§ AIM OF THE EXERCISE
Retype all of the data word for word, without pictures.

§ EXERCISE DATA
□ □ □ □ □

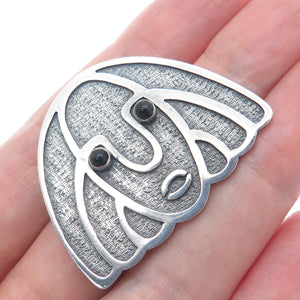 925 Sterling Silver Vintage Ecuador Black Onyx Tribal Goddess Oxidized Pendant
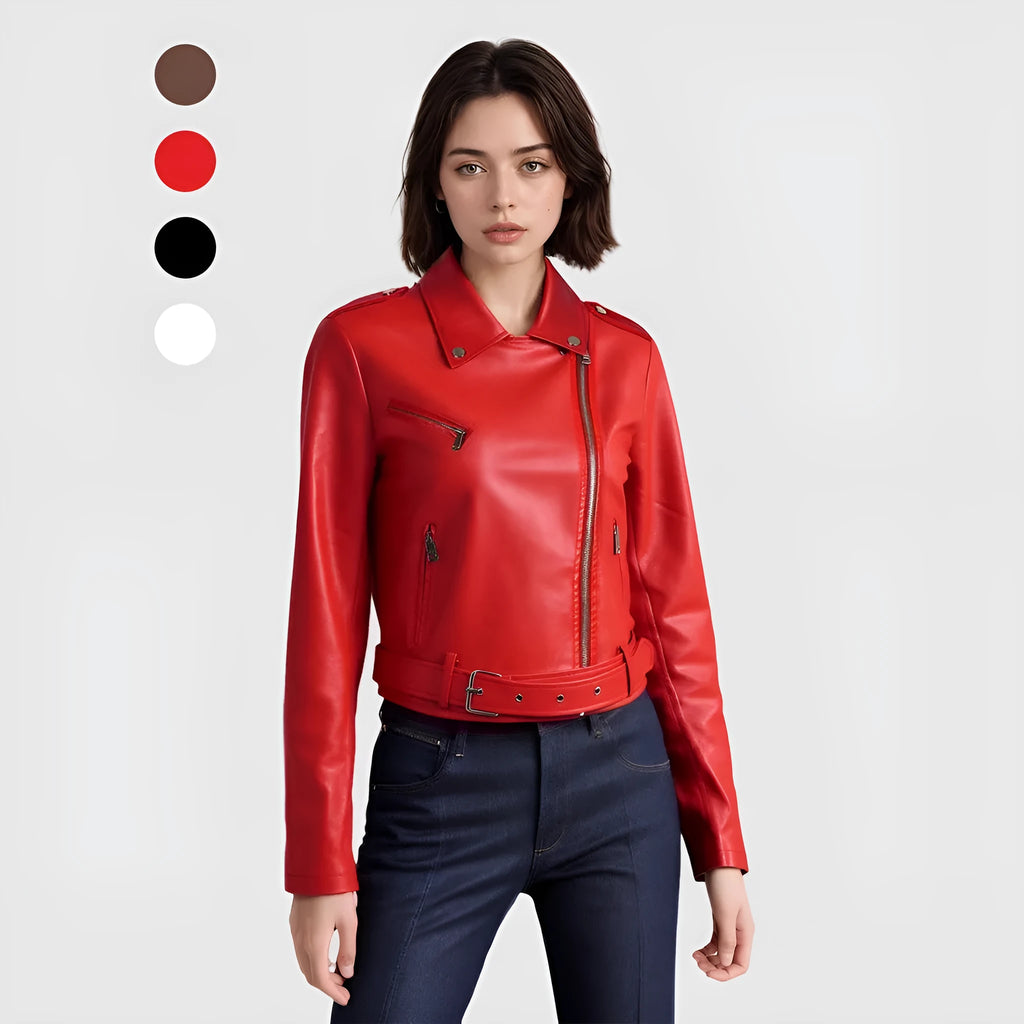Women's black PU leather motorcycle jacket with a lapel collar and an adjustable short belt.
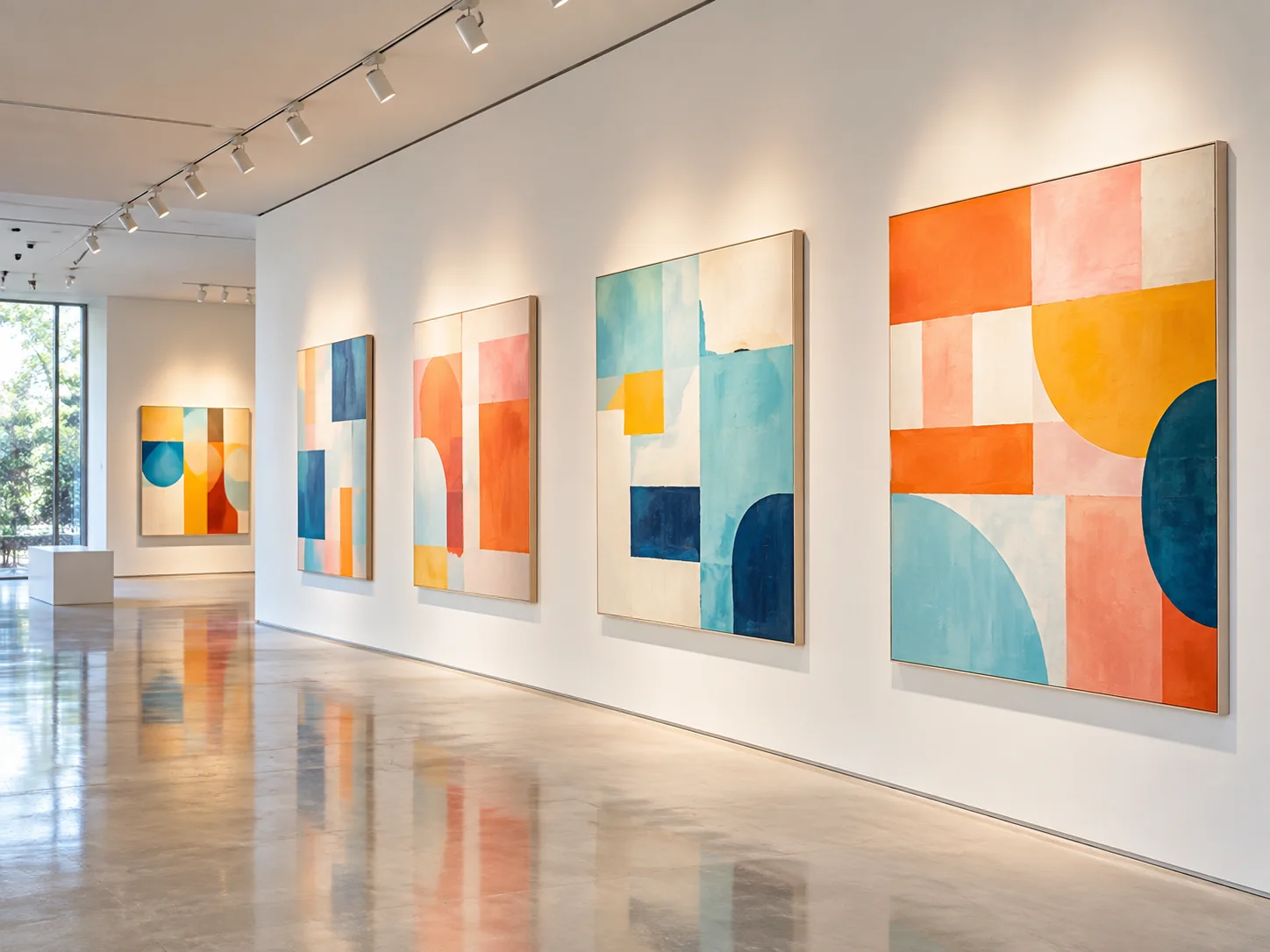 Bright gallery displaying colorful geometric abstract paintings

□ □ □ □ □

§ ANSWER SPACE
 925 Sterling Silver Vintage Ecuador Black Onyx Tribal Goddess Oxidized Pendant
Women's black PU leather motorcycle jacket with a lapel collar and an adjustable short belt.
 Bright gallery displaying colorful geometric abstract paintings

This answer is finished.